ГЛАВА ПЕРВАЯ ПОЯВЛЕНИЕ И УСПЕХ БЕН-АКИБЫ
ГЛАВА ПЕРВАЯ
ПОЯВЛЕНИЕ И УСПЕХ БЕН-АКИБЫ
Белградская газета «Политика» ныне известна в целом свете. Широко продается она и в нашей стране, и всякий, державший ее в руках, мог видеть в правом верхнем углу первой полосы имена, заключенные в траурную рамку: «ВЛАДИСЛАВ РИБНИКАР — ОСНОВАТЕЛЬ, капитан запаса, погиб 1 сентября 1914 года. ДАРКО РИБНИКАР — РЕДАКТОР, капитан запаса, погиб 31 августа 1914 года…»

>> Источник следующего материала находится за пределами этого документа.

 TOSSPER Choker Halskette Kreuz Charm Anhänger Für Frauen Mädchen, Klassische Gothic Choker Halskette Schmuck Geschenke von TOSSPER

Лет за десять до своей гибели в боях с немцами во время первой мировой войны братья Рибникары решили издавать газету, независимую от политических партий, насыщенную объективной информацией и исполненную боевого патриотического духа. И они настолько преуспели в своем начинании, что газета пережила своих основателей, а о нынешнем ее процветании свидетельствует небоскреб редакции на Македонской улице и громадная популярность самой газеты и множества повременных изданий, которыми она обросла.
Наследники Рибникаров никогда не изменяли своим патриотическим убеждениям. Это в их белградском доме состоялось в 1941 году историческое заседание, на котором руководители Компартии Югославии приняли решение о всеобщем восстании против немецких захватчиков…
Однако вернемся к тому времени, когда «Политика» еще только становилась на ноги и старалась привлечь в число своих сотрудников самых талантливых людей сербской столицы.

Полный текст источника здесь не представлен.